Task brief: Make an exact copy, from the records below, of the lines from the line containing "6 Best DeWalt" to the line containing "Scion tC 2008", both lines included, excluding pictures.

Task input:

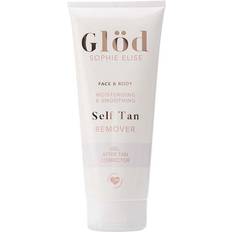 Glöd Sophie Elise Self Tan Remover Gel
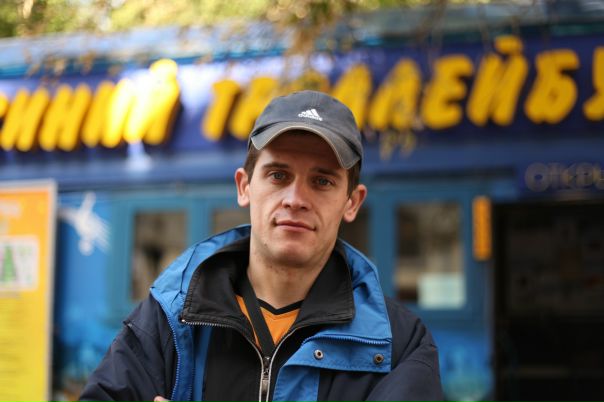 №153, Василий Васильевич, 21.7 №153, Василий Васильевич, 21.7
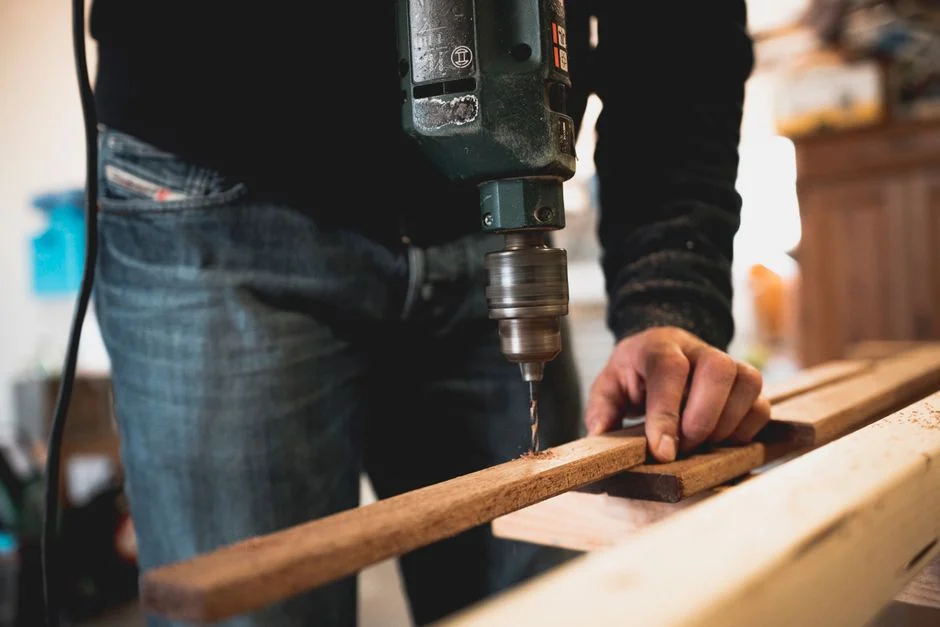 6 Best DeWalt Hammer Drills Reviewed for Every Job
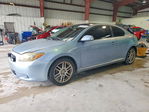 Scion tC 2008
--
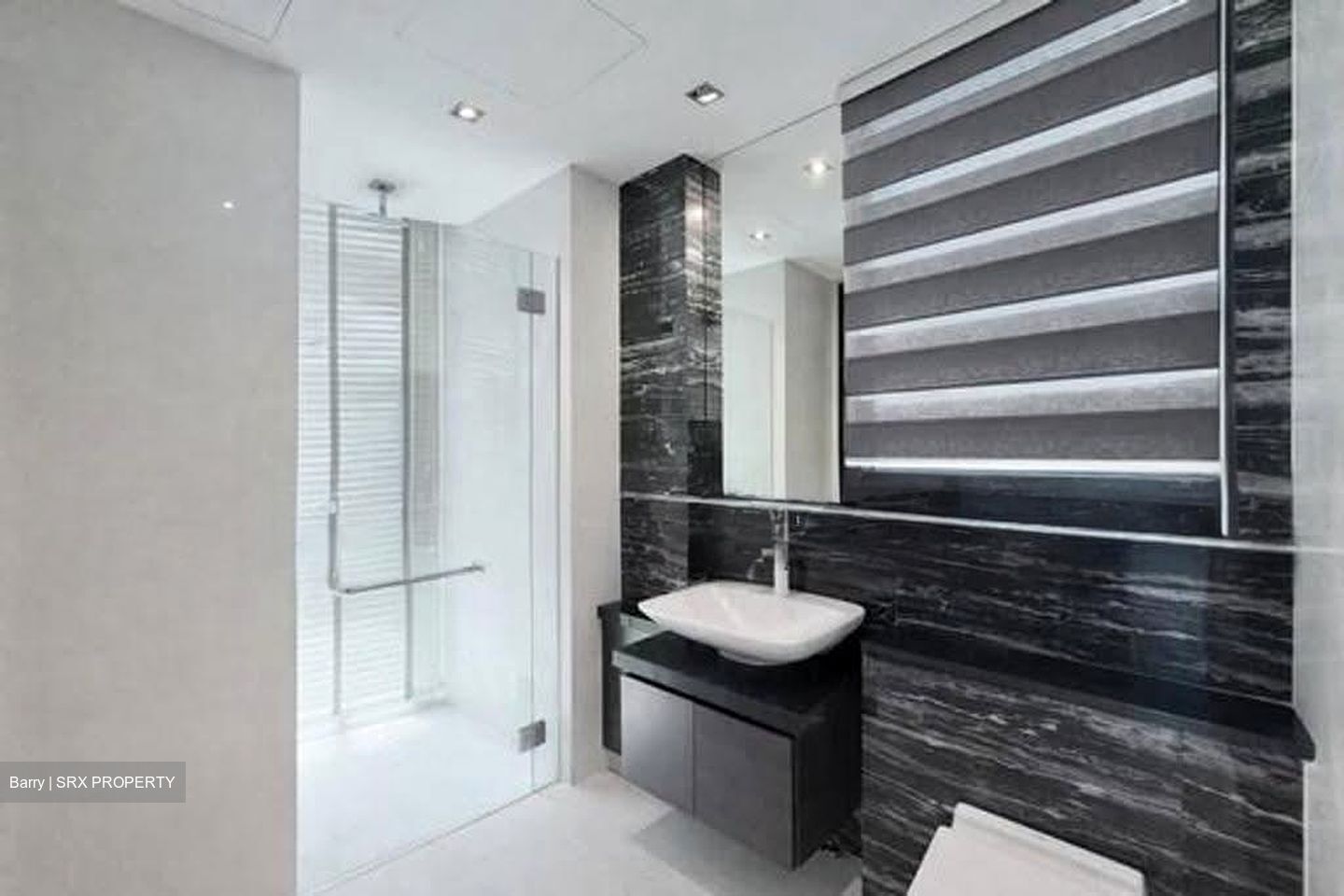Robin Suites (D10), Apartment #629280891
==
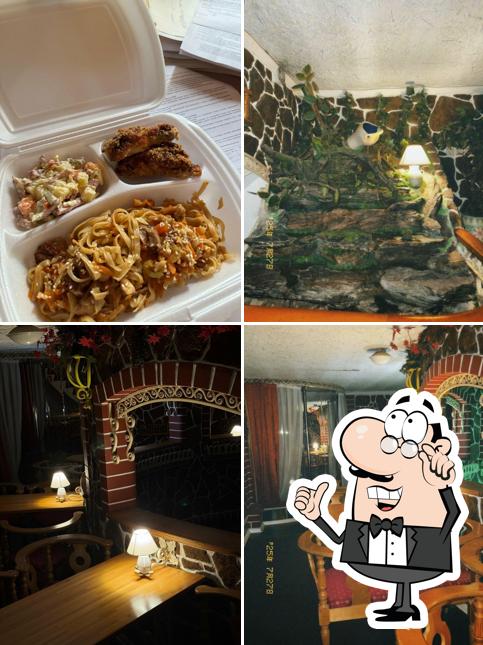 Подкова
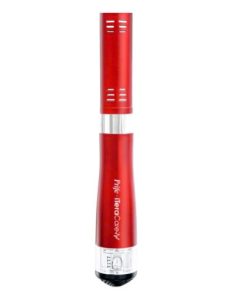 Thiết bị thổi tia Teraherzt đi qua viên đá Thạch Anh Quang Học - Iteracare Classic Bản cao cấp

Solution to this exercise:
 6 Best DeWalt Hammer Drills Reviewed for Every Job
 Scion tC 2008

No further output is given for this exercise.